## EXERCISE DESCRIPTION
Only one stretch of the data should be retyped: the lines from the line containing "Chusión de almohada" through the line containing "479 - Pair of". Keep pictures out of it.
──────── GIVEN INFORMATION
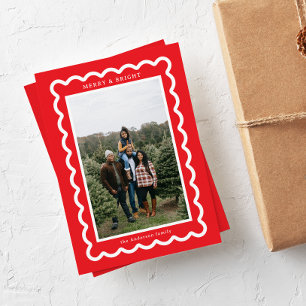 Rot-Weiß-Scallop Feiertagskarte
────────────────
──────── GIVEN INFORMATION
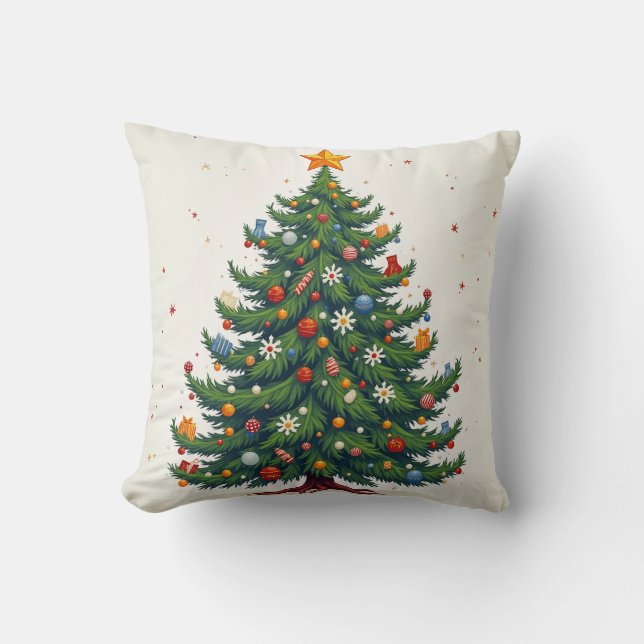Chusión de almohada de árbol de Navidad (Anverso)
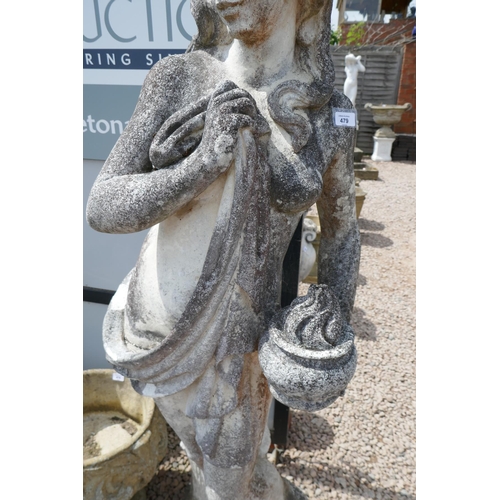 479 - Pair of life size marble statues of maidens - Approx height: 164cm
────────────────
## TASK ANSWER
Chusión de almohada de árbol de Navidad (Anverso)
 479 - Pair of life size marble statues of maidens - Approx height: 164cm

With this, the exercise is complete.